Thursday, August 11, 2016

Mish on Negative Interest

Mish was my hero when he noted about the same time I did that money and credit are not the same thing, and he went further, and slew the hyperinflation dragon.  Because it is credit being issued, not currency, there will not be hyperinflation. He debated the formidable Dr. Gary North, Austrian School hyperinflation theorist, and crushed him.  Dr. North has not addressed the subject since.

Now negative interest rates have probably been around before, but as unknown to us as logic was to the medieval man until Islam reintroduced us (and I bet the Koran has something on negative interest rates).  But as it stands, we are all struggling with what this means.  In this post, Mish intimates that negative interest rates are the result of policy, not market.  Read his article and the comments, Mish has some very perceptive commenters.

Now certainly results can reflect policy, and it may be policy to arrange matters to result in negative interest rates, but let's look at a typical government policy, in say agriculture, from around the same time as we went off the gold standard lite: Get Big or Get Out.

OK, there is the stated policy.  Then there are the rules and regs to effect that policy.  Then there are the court decisions that benefit the big and hurt the small establishing patterns and practices (it is a crime to test for mad cow disease in USA for marketing purposes - advantage big, disadvantage small), big biz is subsidized, small biz is starved for finance by banking rules and regs; and the result is small ag was nearly wiped out except for some tax-avoidance wineries owned by doctors and lawyers (over 700 in Washington State... we need 700 wineries?  No 698 lawyers need tax dodges).  So the goal, policy, practices and result is if you didn't get big the last 40 years, you got out.

Isn't this different?  Aren't bonds sold at a given price, a very narrow event compared to the world of agriculture, then the market takes over?  Of course those buying bonds when the price hit an attractive level do so, presently that price is at a negative interest rate.  The buyers' reasons are clear, to take a guaranteed 2% loss in bonds is better than a likely 50% loss in stocks, borne largely by pensioners.

(Note that: pensioners are getting screwed by negative interest rates now; pensioners will get screwed by falling stock prices, at which point the interest rates will reverse...  point is pensioners will get screwed no matter what.  Again: pension, paycheck, property: you're screwed the next 40 years.)

Bond issuers and dealers could care less what the price is, they make their money regardless of the price of the "securities" they trade.

Yes, the point of this all seems to be expressly for a policy result:

1. Rich get richer, poor get poorer, a condition a Hegemon needs to maintain power.  Marxists were right that far, capitalism needs class warfare, so the Hegemon foments it.

      a. Negative interest rates hammer pensioners.  Check.

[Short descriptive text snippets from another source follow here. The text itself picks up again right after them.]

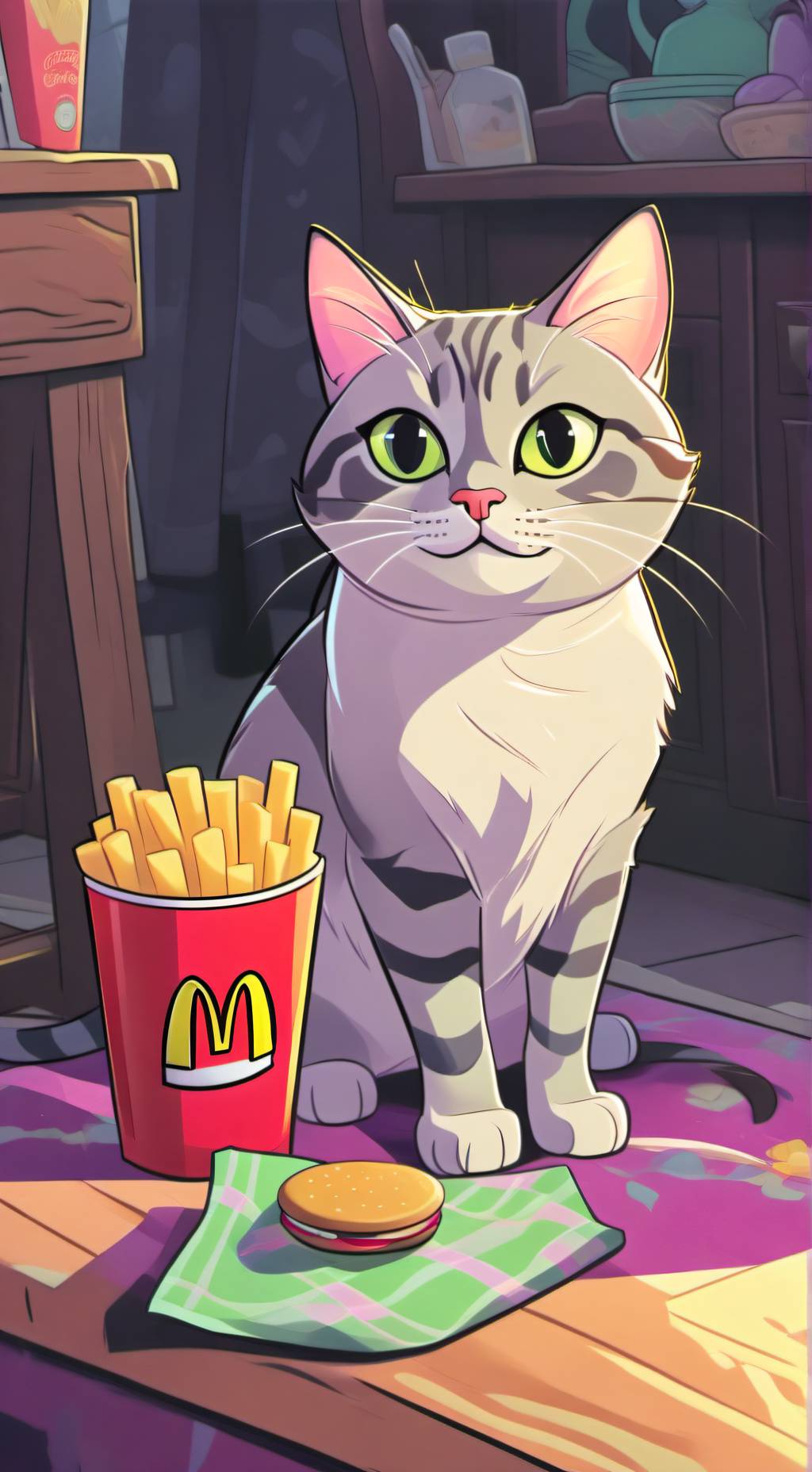 ai character: an kitten background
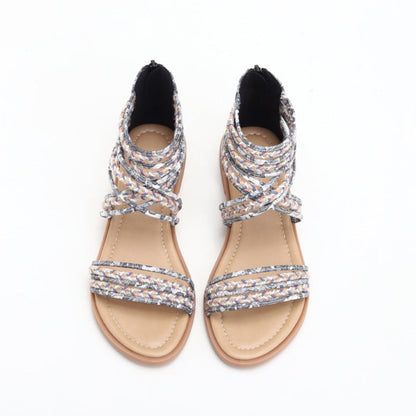 Sandalias de playa bohemia de Roman Crisscross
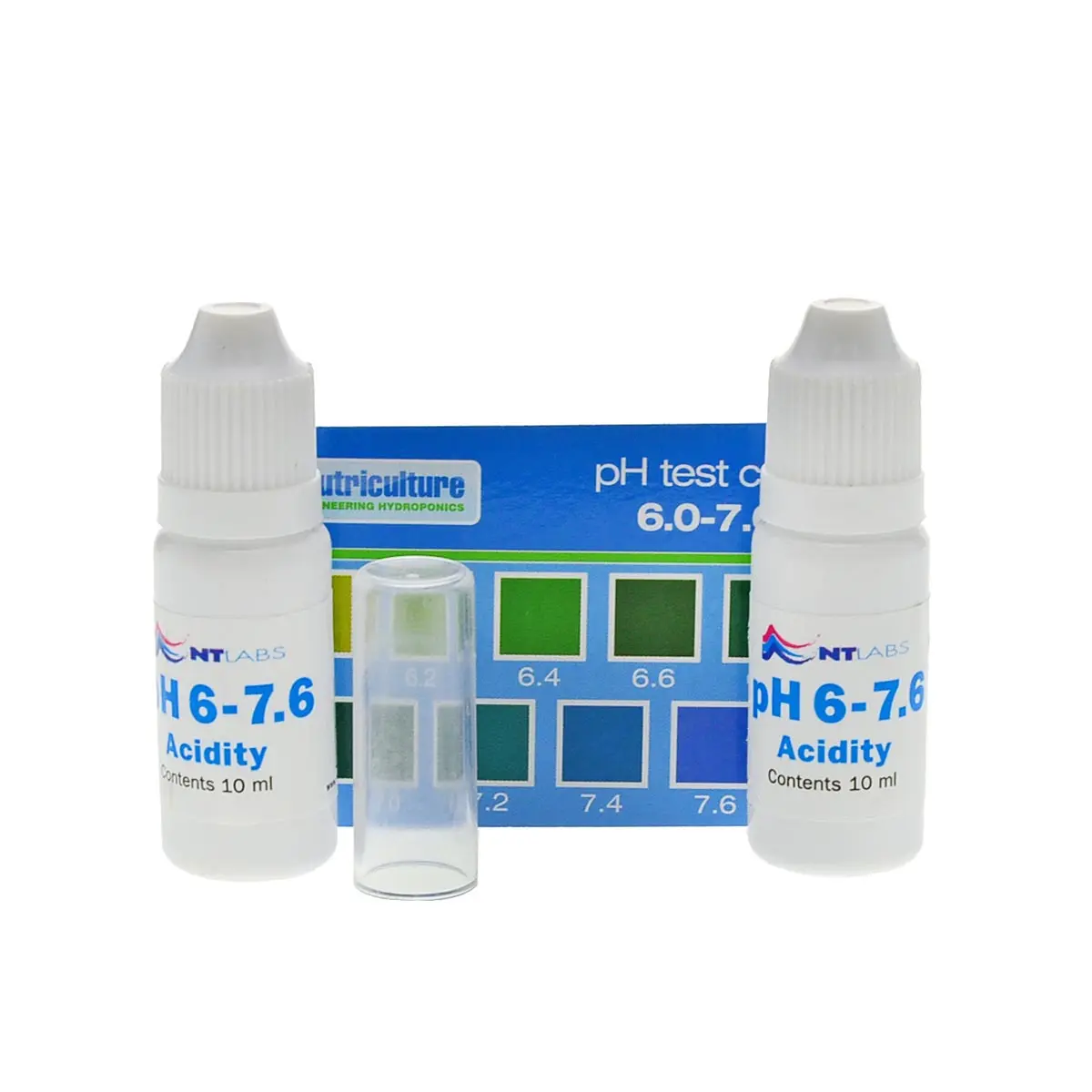 Kit de test fin pH 6,0 - 7,6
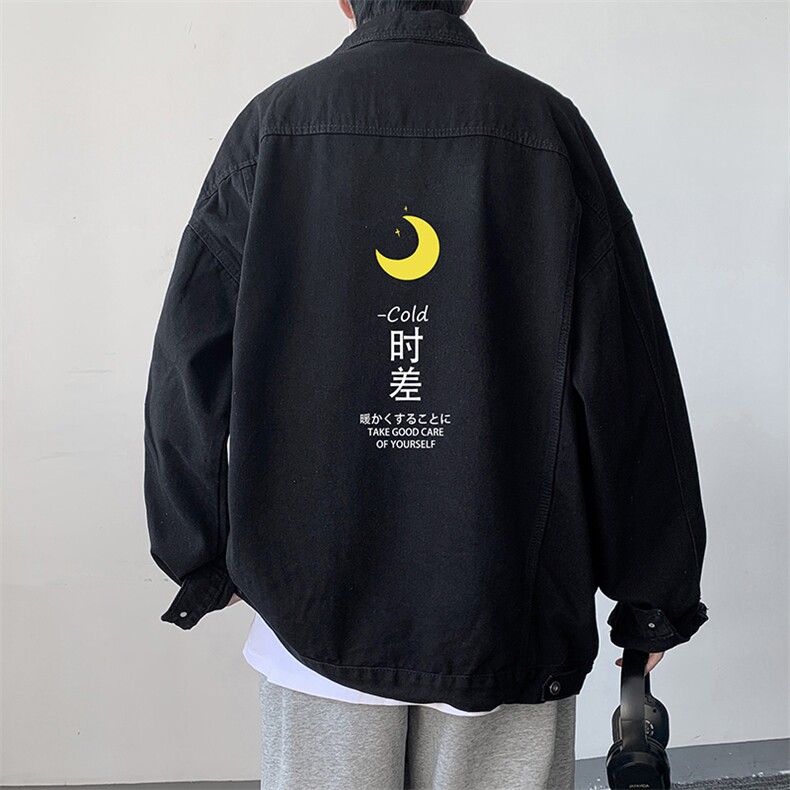 牛仔夹克男大码牛仔外套男茄克NJ77047-P60,男装夹克,电商A040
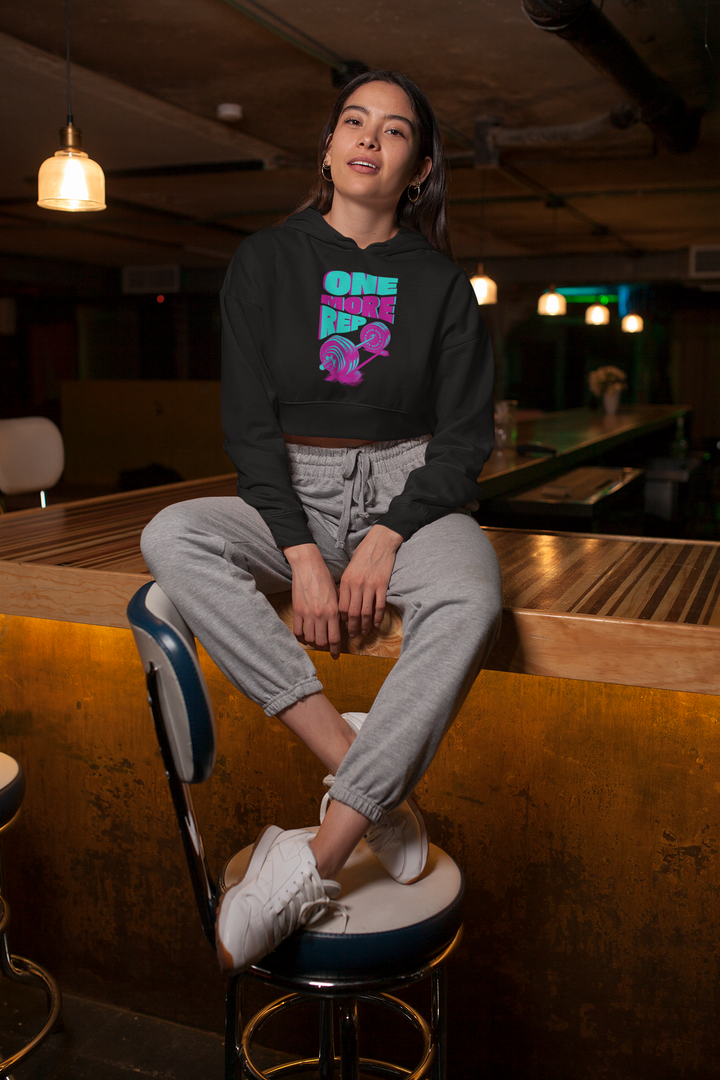 One More Rep  - Female Cropped Hoodie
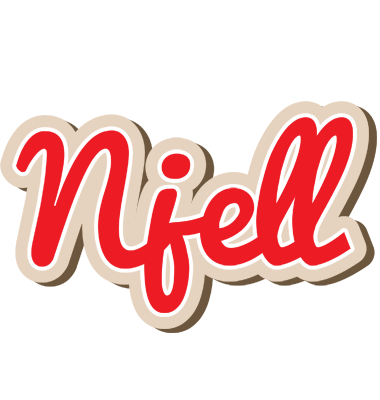 Njell chocolate logo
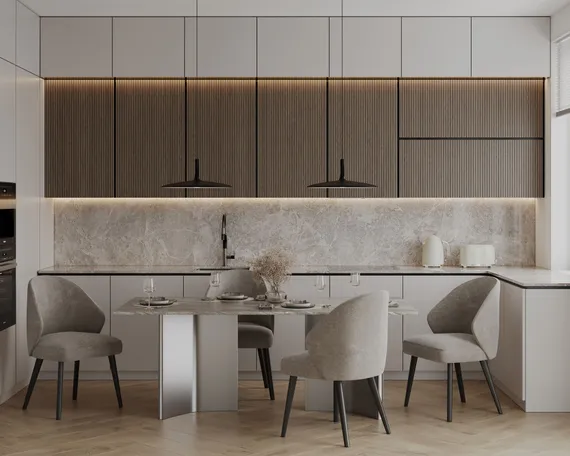 Обеденный стол Selenia 200х100 см, белая керамика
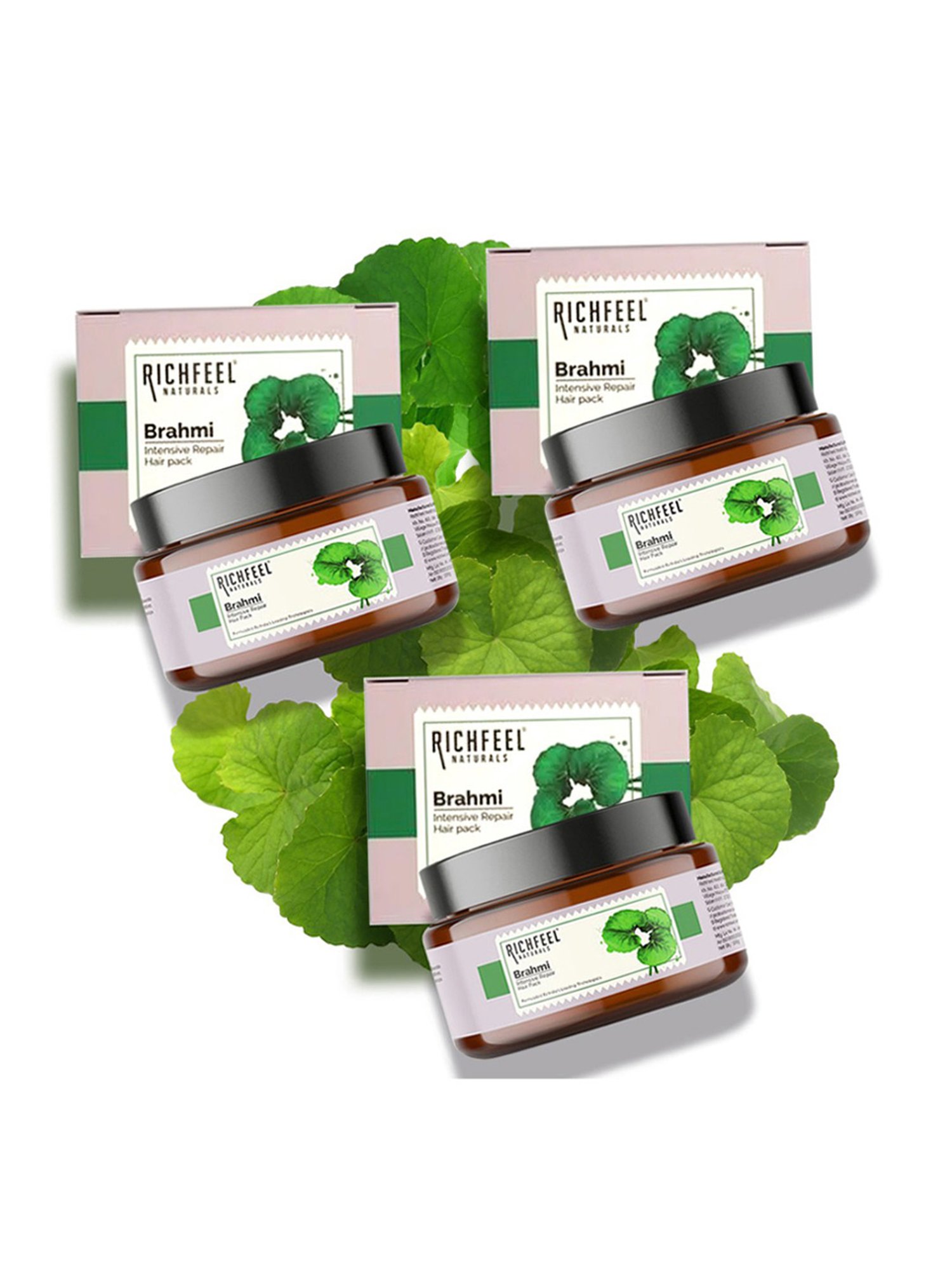 Richfeel Brahmi Intensive Repair Hair Pack (100 gm) - Pack of 3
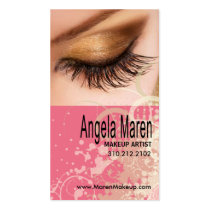 Exotic Eyes Makeup Artist Business Card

      b.  Negative interest rates are a monetary phenomenon, goosing the asset class on the other side of    the hedge, stocks.  Rich get richer, poor get poorer, check.

     c.  Real Estate can be landbanked, keeping prime real estate off the market, maintaining high rents for those who do rent, and too high rent for those who would like to rent.  And allows hot money from China, etc, has a place to hide.  Also, if all of that real estate was brought on line, rents would fall... so hot money must be following some rule "you can hide here, but don't make money here."  Real estate overpriced, check.

2. Landbanking is key to this rich get richer, or something, this is foggy...  landbanking is where false economy excess can be deposited, and with negative interest rates, it costs the owners nothing to sit on the pile.  And to landbank, that is purposely decline to earn on your investment, is tantamount to a negative interest rate.  Interest rates and are very much correlated in a false economy, but not direcly cause and effect.  So many threads, what does it all mean?

The bottom of the real estate market is not low prices, it is no customers.  We've seen that in the last 100 years in USA.  We are not at a bottom, there are plenty of customers at a lower price.  No one is forced  to offer a lower price right now.  Real estate marked to market would end the capitalist banking system.  I recommend it, but it ain't gonna happen.

Seems to me Big Credit has allocated resources to a certain result, and the Hegemon is pleased.  Not so much that this is a planned policy, just "so far so good."  Things are going where the Hegemon likes, but as everyone says "uncharted territory."  And always remember, no matter how bad it gets, the Hegemon wins all the more.

In a subsequent post, Mish doubles down on his position.  I'll lay out where I think he is wrong there in a post tomorrow.